# 1999 Nissan Sentra GXE rear bumper?



## Juturna67 (Jul 12, 2011)

I was looking to buy a rear bumper for my 1999 Nissan Sentra GXE and I was looking at the parts and I see rear bumper cover and rear bumper reinforcement..What is the difference between the two and do I need both of them? And no my trunk isn't messed up I popped it to open it.

This is what the rear bumper looks like

http://img96.imageshack.us/img96/4572/photo1yhe.jpg


----------



## IanH (Feb 11, 2003)

the re-reinforcement is underthe bumper for collision protection. Take cover off and inspect it.


----------



## techtalk (Jun 8, 2011)

Juturna67,

I concur with the general consensus here- have a skilled Nissan technician thoroughly scrutinize the energy absorber to determine whether or not replacement is warranted. Generally speaking, it's a good idea to replace the bumper cover as well the energy absorber whenever your vehicle is involved in a fender bender involving speeds of over 25mph. Even if the accident didn't "feel" that intense there could be damage to your energy absorber that isn't overtly visible upon inspection.
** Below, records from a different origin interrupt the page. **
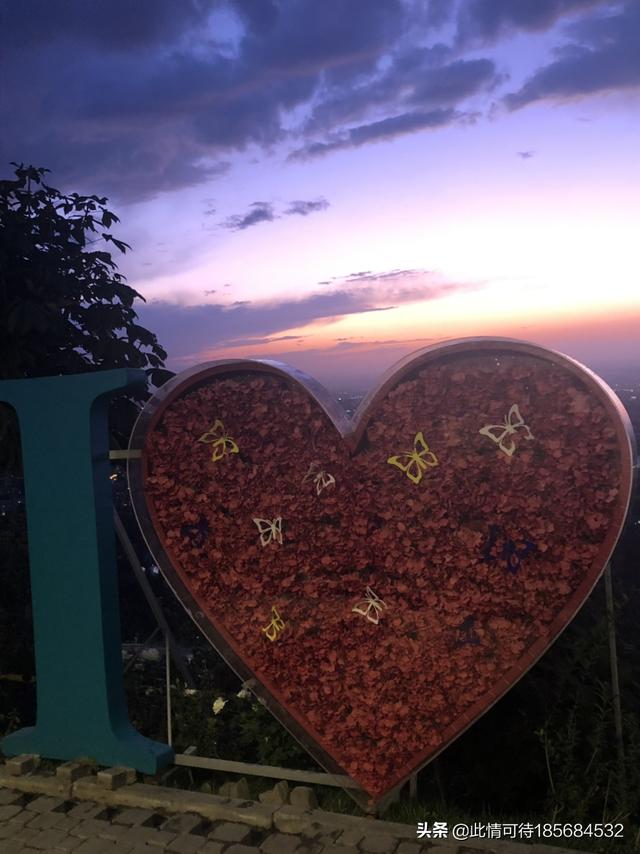 男女关系没确定，就出去旅游合适吗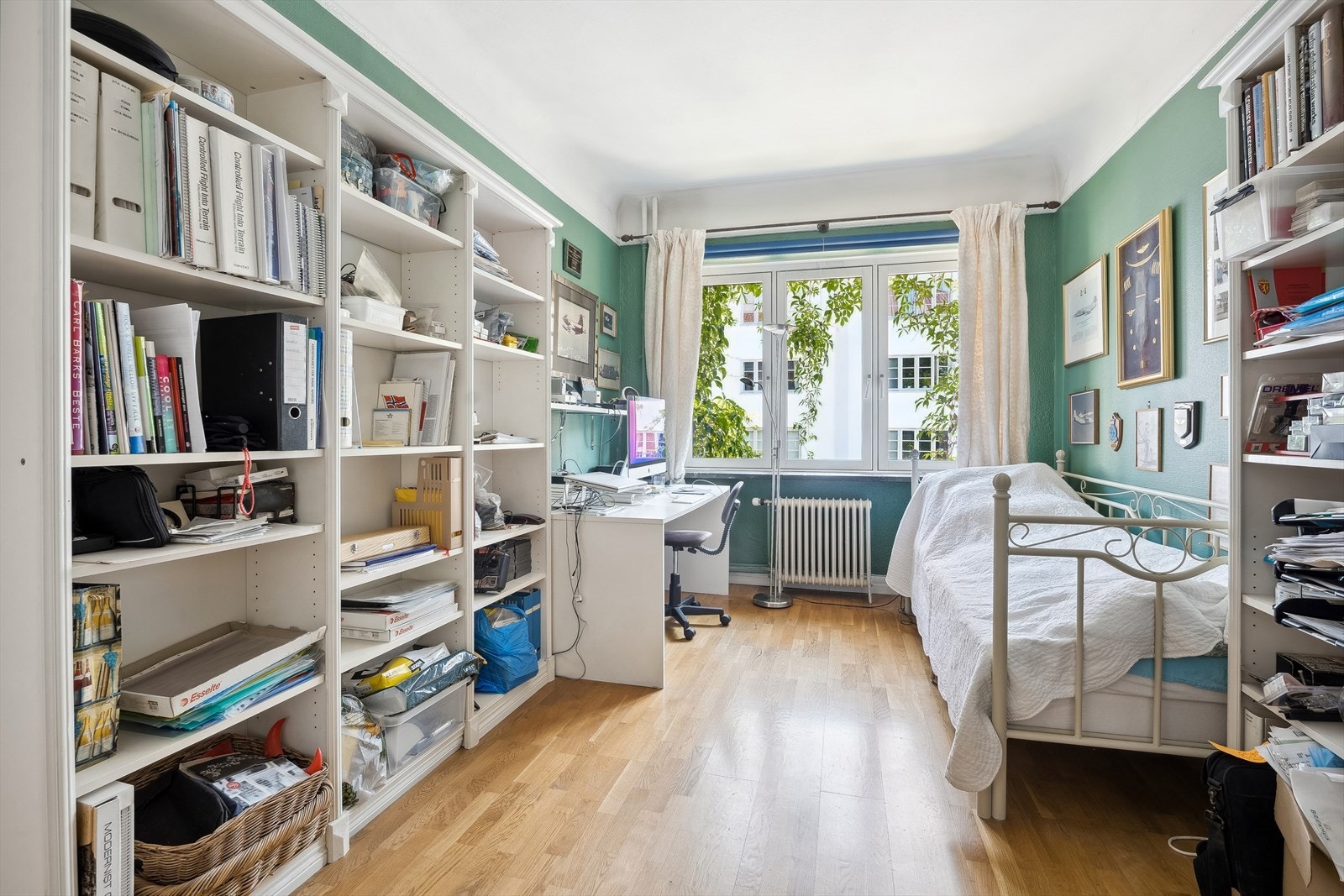 Gjesterommet har også god plass til egen kontordel for en hybrid arbeidshverdag. Galleribilde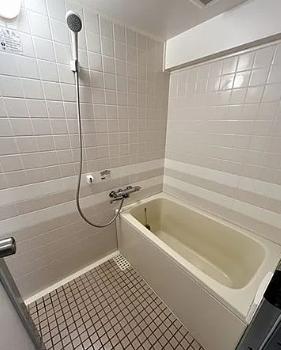 バス・シャワールーム　写真は同タイプ住居です。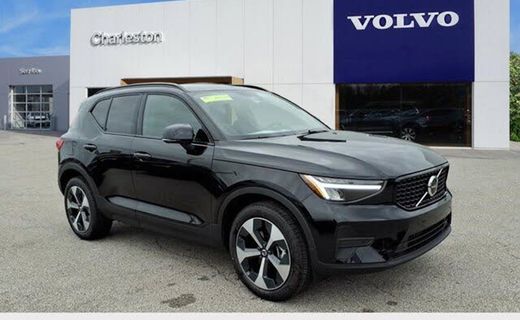 2026 Volvo XC40 Core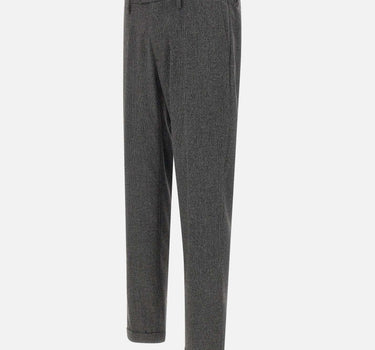 Pantaloni "Mucha10" P24910LN 7F250F002 RE-HASH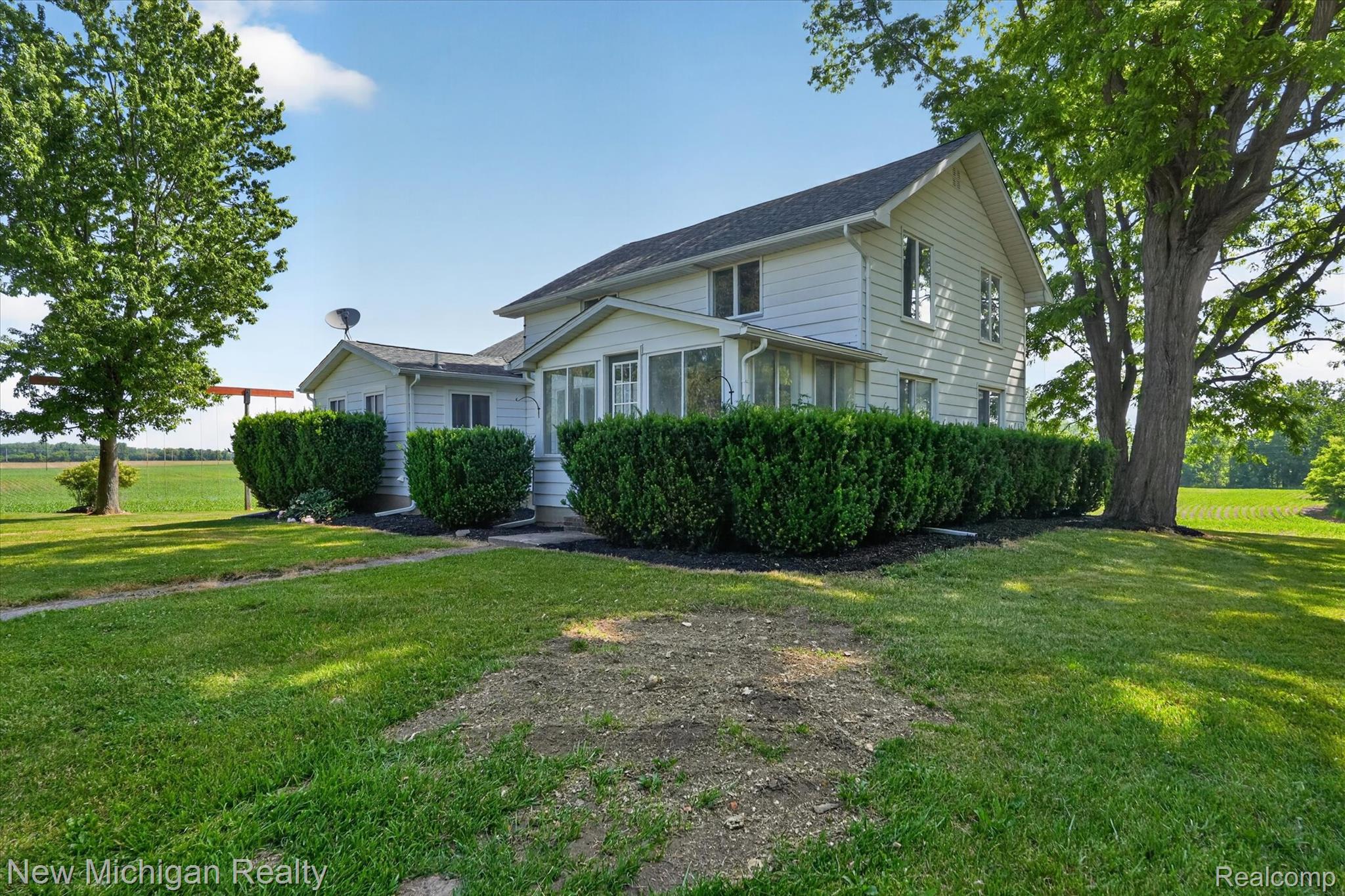 11374 Lahring Road Property Photo 3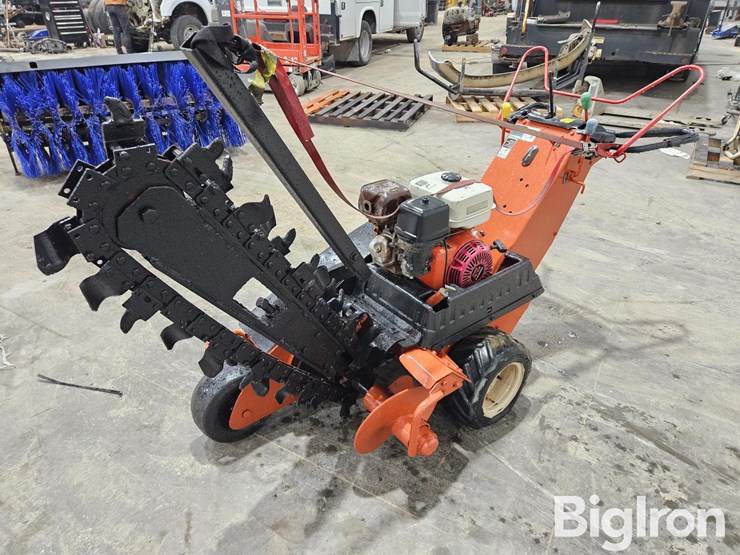 ditch-witch-1230h-image-1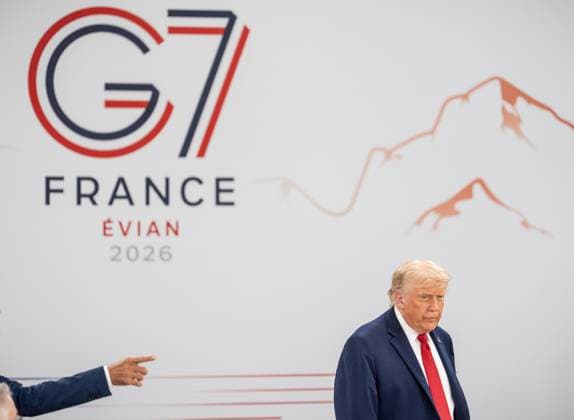 Évian-les-Bains, Frankreich, 17.06.2026: Hotel Royal: G7-Gipfel: US-Präsidnent Donald Trump (Foto: Michael Kappeler, Pool) *** Évian-les-Bains, France, June 17, 2026, Hotel Royal, G7 Summit, U.S. President Donald Trump. Photo by Michael Kappeler, Pool,detected_source_language Copyright: xMichaelxKappeler,xPool dtsxNachrichtenagenturx dts_123664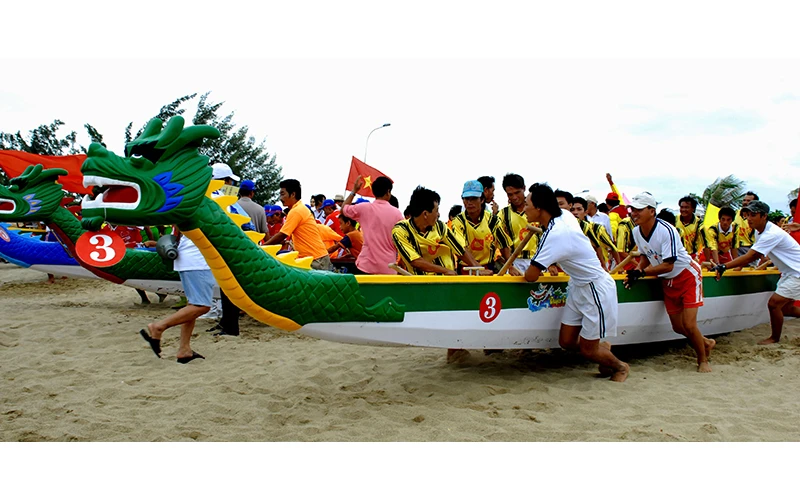 Ngày hội biển của người Chăm tại Bắc Bình, Bình Thuận.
You may even consider removing the rear bumper yourself. There are a few bolts and screws that hold it onto the car (refer to this Sentra rear bumper diagram to determine all related components) but removal doesn't appear that complex.


Good luck!


----------



## ducksizzle97 (Jul 13, 2011)

If nothing is bent and there is no visual damage to the absober just replace the bumper cover and go on and i would assume being the same chassis and body the bumper cover would fit fine if all the mounting holes are the same it should just be a simple remove and replace but if not it may take some light modificaion but nothing to serious


----------